# WORK INSTRUCTION:
Could you please transcribe the data exactly, without the pictures?

# GIVEN MATERIAL:

+ + + +

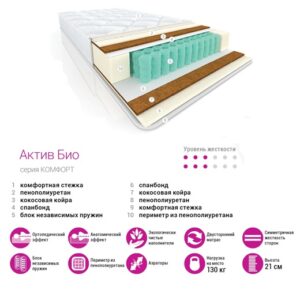 Матрас Актив Био 1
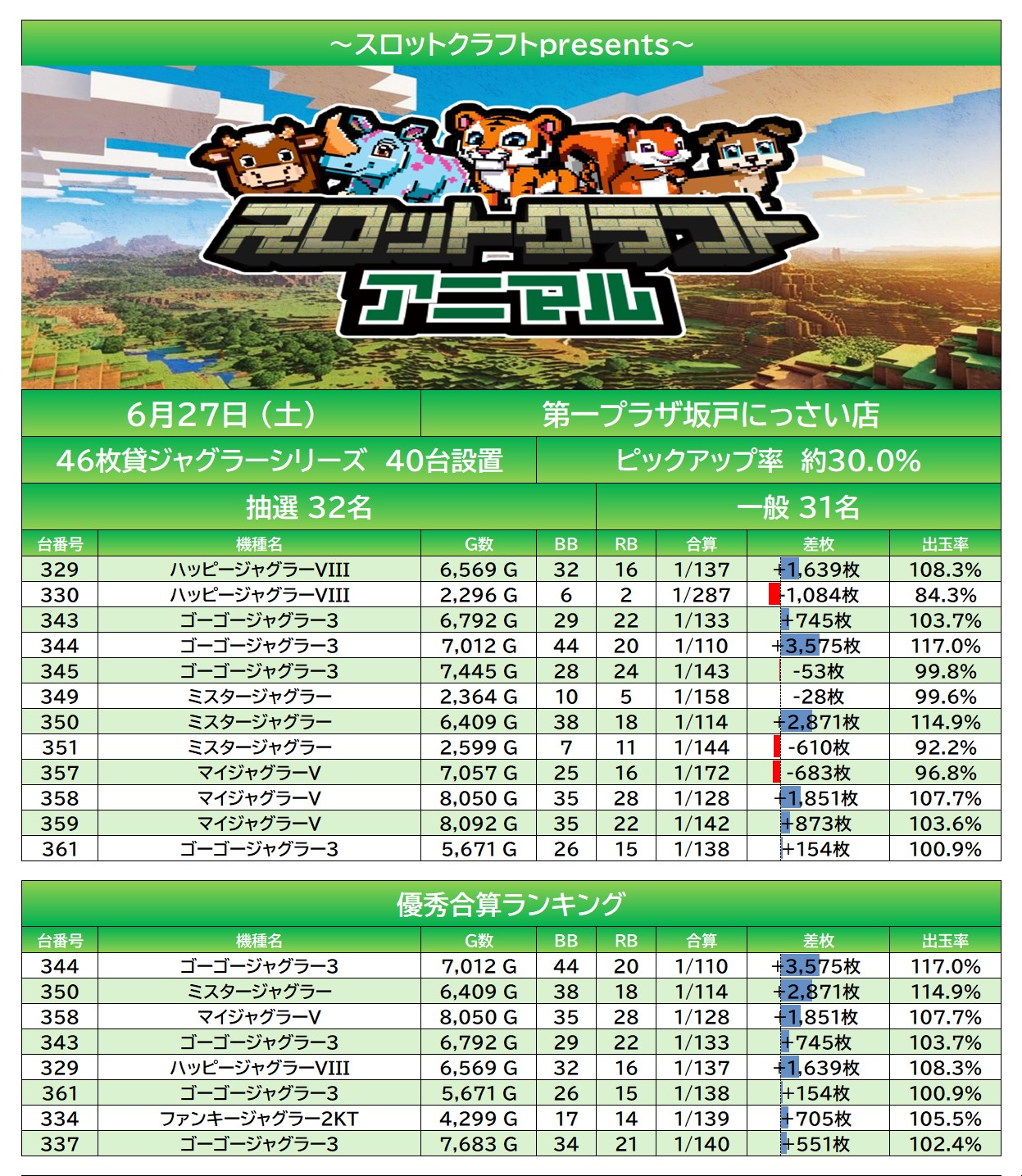 result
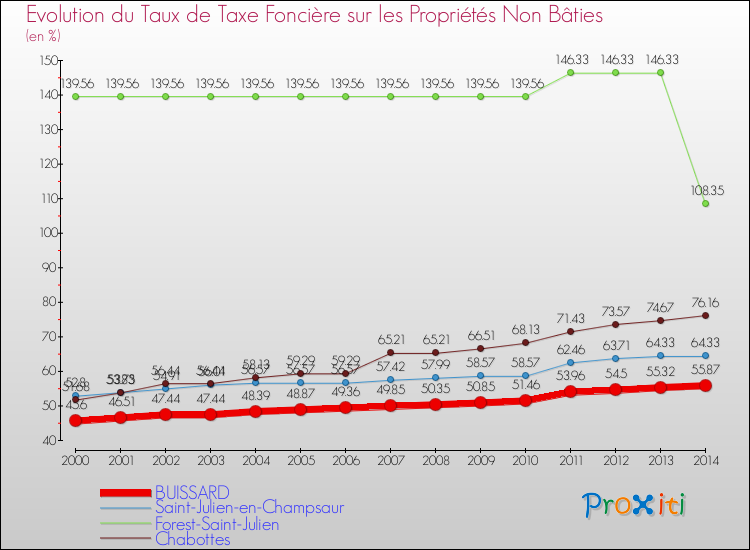 Evolution du taux de la taxe foncière sur les immeubles et terrains non batis pour BUISSARD et les communes proches de 2000 à 2014 Comparaison des taux de la taxe foncière sur les immeubles et terrains non batis pour BUISSARD et les communes voisines de 2000 à 2014
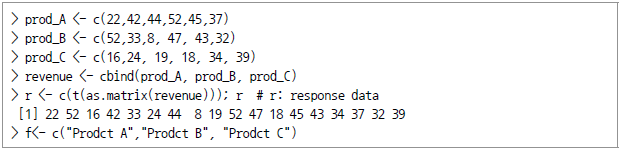 > prod_A <-c(22, 42, 44, 52, 45, 37) > prod_B <-c(52, 33, 8, 47, 43, 32) >prod_c <-c(16, 24, 19, 18, 34, 39) > revenue <- cbind(prod_A, prod_B, prod_C) > r <-c(t(as.matrix(revenue))); r # r: response data [1] 22 52 16 42 33 24 44 8 19 52 47 18 45 43 34 37 32 39 >f <-c("Prodct A", "Prodct B", "Prodct C")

+ + + +

# SOLUTION TO THIS TASK:
 Матрас Актив Био 1
 result
 Evolution du taux de la taxe foncière sur les immeubles et terrains non batis pour BUISSARD et les communes proches de 2000 à 2014 Comparaison des taux de la taxe foncière sur les immeubles et terrains non batis pour BUISSARD et les communes voisines de 2000 à 2014
 > prod_A <-c(22, 42, 44, 52, 45, 37) > prod_B <-c(52, 33, 8, 47, 43, 32) >prod_c <-c(16, 24, 19, 18, 34, 39) > revenue <- cbind(prod_A, prod_B, prod_C) > r <-c(t(as.matrix(revenue))); r # r: response data [1] 22 52 16 42 33 24 44 8 19 52 47 18 45 43 34 37 32 39 >f <-c("Prodct A", "Prodct B", "Prodct C")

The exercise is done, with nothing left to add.